Il devient un nouveau Socrate dans sa conversation avec lui-même mais pous nous mettre sur la voie d’un savoir qui éloigne des certitudes passées.
“Déchirements intellectuels, bisbilles politiques, plans sur la comète (…), tout se fane inexorablement avec les ans.” dit l’auteur. Il ne se prend pas toutefois au piège de sa propre ironie. Car s’il privilégie l’incertitude à la certitude, il ne l’écrit jamais de manière surplombante — ce qui est une excellente position anti-sartrienne.
Debray apprend que le temps qui court et nous dépasse n’accentue pas forcément la déréliction. Au contraire.
Faisant le point, l’auteur évoque ce qui circule et est en jeu quand s’approche la fin puisqu’elle est — hélas — le seul but. Pas question pour autant de se jeter la tête contre les murs : “il y a de bonheur, en contrepoint, à voir resurgir, en bout de course (…) les héros de roman dont il nous est arrivé d’usurper l’identité dans notre for intérieur, parce qu’en nous prêtant leur vie, ils nous ont rendu la nôtre presque digne d’avoir été vécue.”
Existe donc encore un tout va bien.
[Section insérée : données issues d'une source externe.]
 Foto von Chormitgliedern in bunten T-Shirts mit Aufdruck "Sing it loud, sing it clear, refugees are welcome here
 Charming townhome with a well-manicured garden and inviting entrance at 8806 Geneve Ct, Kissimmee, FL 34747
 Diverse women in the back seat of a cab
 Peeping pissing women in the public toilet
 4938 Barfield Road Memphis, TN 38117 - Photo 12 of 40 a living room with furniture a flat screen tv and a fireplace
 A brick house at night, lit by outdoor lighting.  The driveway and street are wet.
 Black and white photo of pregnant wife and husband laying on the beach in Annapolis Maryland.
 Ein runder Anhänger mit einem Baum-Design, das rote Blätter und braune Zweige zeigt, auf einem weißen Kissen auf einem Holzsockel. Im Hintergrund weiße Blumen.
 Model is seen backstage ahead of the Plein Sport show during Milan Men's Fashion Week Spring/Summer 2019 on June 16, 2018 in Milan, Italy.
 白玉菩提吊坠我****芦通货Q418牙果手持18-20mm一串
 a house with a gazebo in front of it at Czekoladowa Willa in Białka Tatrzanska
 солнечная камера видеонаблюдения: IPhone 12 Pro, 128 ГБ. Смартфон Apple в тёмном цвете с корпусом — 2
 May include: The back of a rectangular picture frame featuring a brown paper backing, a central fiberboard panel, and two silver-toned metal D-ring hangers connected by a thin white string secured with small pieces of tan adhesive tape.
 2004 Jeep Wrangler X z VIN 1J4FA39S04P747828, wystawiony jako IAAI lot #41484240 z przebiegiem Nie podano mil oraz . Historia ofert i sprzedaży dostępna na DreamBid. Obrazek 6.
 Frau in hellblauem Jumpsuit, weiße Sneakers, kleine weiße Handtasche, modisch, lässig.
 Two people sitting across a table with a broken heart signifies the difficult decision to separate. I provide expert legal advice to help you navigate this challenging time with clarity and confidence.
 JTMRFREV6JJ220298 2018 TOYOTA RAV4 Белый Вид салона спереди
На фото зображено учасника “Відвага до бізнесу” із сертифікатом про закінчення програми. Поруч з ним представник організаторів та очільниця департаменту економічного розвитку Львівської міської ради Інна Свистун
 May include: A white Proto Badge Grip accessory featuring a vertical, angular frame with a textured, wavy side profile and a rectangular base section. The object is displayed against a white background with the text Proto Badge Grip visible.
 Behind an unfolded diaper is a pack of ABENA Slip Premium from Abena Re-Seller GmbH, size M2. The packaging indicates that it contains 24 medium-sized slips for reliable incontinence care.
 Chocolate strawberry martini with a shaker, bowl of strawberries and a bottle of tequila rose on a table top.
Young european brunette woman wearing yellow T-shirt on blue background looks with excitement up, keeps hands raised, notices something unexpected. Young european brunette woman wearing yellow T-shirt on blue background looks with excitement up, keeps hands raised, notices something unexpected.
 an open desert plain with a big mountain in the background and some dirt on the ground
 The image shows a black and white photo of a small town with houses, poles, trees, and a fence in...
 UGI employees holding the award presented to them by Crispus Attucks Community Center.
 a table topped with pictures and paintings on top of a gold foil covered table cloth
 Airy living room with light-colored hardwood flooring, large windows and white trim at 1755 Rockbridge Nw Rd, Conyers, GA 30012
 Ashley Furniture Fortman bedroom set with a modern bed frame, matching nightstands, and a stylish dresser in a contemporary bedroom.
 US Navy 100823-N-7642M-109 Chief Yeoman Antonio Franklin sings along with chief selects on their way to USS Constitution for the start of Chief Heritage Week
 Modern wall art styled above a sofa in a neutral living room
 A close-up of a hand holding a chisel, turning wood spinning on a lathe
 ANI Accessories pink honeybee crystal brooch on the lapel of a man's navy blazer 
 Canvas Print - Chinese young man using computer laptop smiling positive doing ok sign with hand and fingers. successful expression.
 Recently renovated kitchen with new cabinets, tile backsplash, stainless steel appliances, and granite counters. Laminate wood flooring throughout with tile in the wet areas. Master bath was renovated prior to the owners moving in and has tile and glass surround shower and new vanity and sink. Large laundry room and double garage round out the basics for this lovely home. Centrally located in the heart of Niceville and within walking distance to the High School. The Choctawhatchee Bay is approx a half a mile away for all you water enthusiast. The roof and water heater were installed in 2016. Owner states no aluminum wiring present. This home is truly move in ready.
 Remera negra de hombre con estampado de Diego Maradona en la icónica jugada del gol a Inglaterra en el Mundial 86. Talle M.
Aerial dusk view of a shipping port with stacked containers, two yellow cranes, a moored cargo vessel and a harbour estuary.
Dans ce déplacement réflexif d’un Debray philosophant de manière enjouée, l’ironie trouve la pointe la plus fine et c’est ce qui fait, avec l’âge, la classe d’un tel auteur ni Quichotte, ni Jacques le fataliste mais sage en rien ombrageux.
jean-paul gavard-perret
Régis Debray, L’exil à domicile, Gallimard, collection Blanche, 2022, 128 p. — 12,00 €.